The days when Netflix was a reliable incubator of prestige telly are long gone, and there is a widespread sense that the platform has dumbed down its content. This is partly due to changes within the company’s power structure. Cindy Holland – the vice president responsible for early successes like House of Cards and Orange is the New Black – was ousted in 2020 and replaced by Bela Bajaria, a seasoned television executive who had joined a few years earlier and oversaw Netflix’s first forays into reality television. In fairness, Bajaria also pushed for an increase in international development, so her tenure hasn’t been all bad. But within the company itself and Hollywood at large, many felt that the show Insatiable – greenlit by Bajaria – marked a turning point for the company.

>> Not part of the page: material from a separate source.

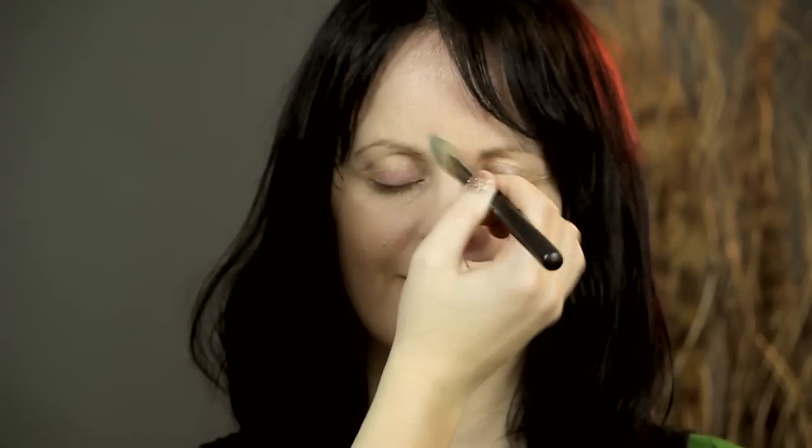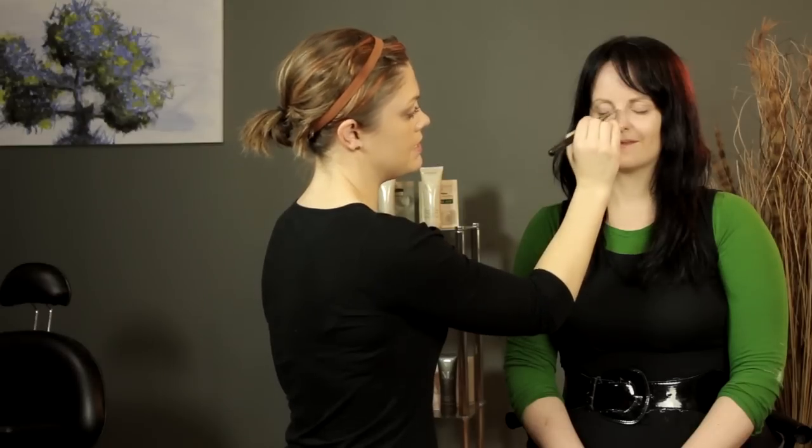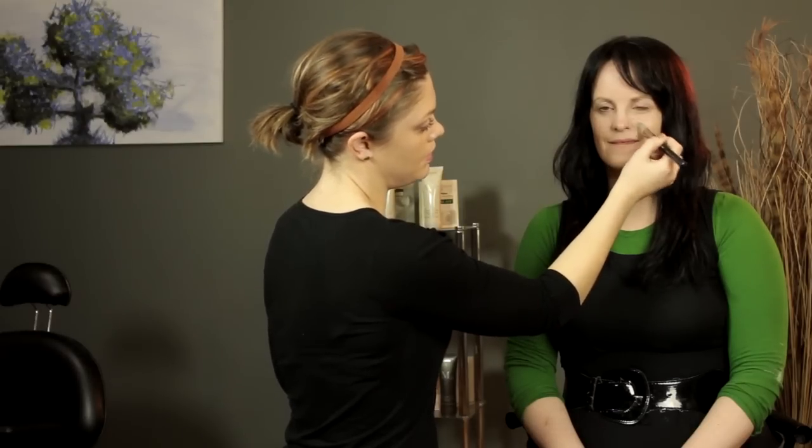Just take a bunch of colors that look like they might be in your range and figure it out. It's good to compare them side by side if possible, but if not, just trial and error. Once you have a color on that you think might work well for you, wear it around for an hour.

A coming-of-age drama about a fat teenage girl who loses weight and then returns to high school to enact revenge on her tormentors, the show was critically reviled and inspired a ferocious social media backlash.  According to an anonymous employee quoted in Hollywood Reporter, this marked the “Walmart-isation” of the company, the point when it became more concerned with quantity than quality.

The company has also been plagued by a string of controversies. Dave Chappelle’s 2021 comedy special,  for example, was heavily criticised for featuring transphobic content – even some Netflix employees staged a walk-out in protest. But CEO Reed Hastings was unrepentant, saying that – as long as they were commercially successful – he would gladly commission Chappelle specials “again and again.  At the same time, queer-focused shows like The Babysitters Club and Warrior Club were cancelled, leading many LGBTQ+ viewers to feel sidelined by the company. Within the last few years, there has also been a cultural backlash to the true crime genre, which remains a staple of Netlifx’s programming. While Dahmer (a Ryan Murphy-helmed biopic about serial killer Jeffrey Dahmer) was enormously successful in terms of viewing figures, lots of people felt that it crossed a line into lurid exploitation. Whether or not anyone ever felt strongly about Netflix to begin with, its position in the culture has shifted from something neutral or benign to a purveyor of a lot of unpleasant content. 

At the same time, this shift doesn’t appear to have had any dent in its viewership figures, and it would be an exaggeration to suggest that the company is becoming irrelevant. As well as reversing its financial difficulties, the platform still continues to release zeitgeisty TV shows and films. Squid Game, its biggest hit to date, was a cultural moment which we’ll probably look back on as era-defining. Glass Onion, although nothing special, was undeniably something that people were watching and discussing, as was Harry and Meghan. Within the last six months, Wednesday and Stranger Things both broke viewing records. Most significantly, its international output is going from strength to strength and an increasing focus for the company (around 70 per cent of its subscribers come from outside the US and Canada.) 

The company is not at death’s door, but if current trends continue, it will probably keep getting worse. For the top brass, it’s obvious that commercial imperatives supersede any aesthetic or moral considerations. If they do commission anything cool or interesting, they’ll probably just axe it, unless it becomes an overnight sensation. So Netflix, if you’re listening, I’d like you to hear me please: you can intimidate me, you can bully and harass me, you can arrest me and throw me in jail – I will never pay for my own subscription.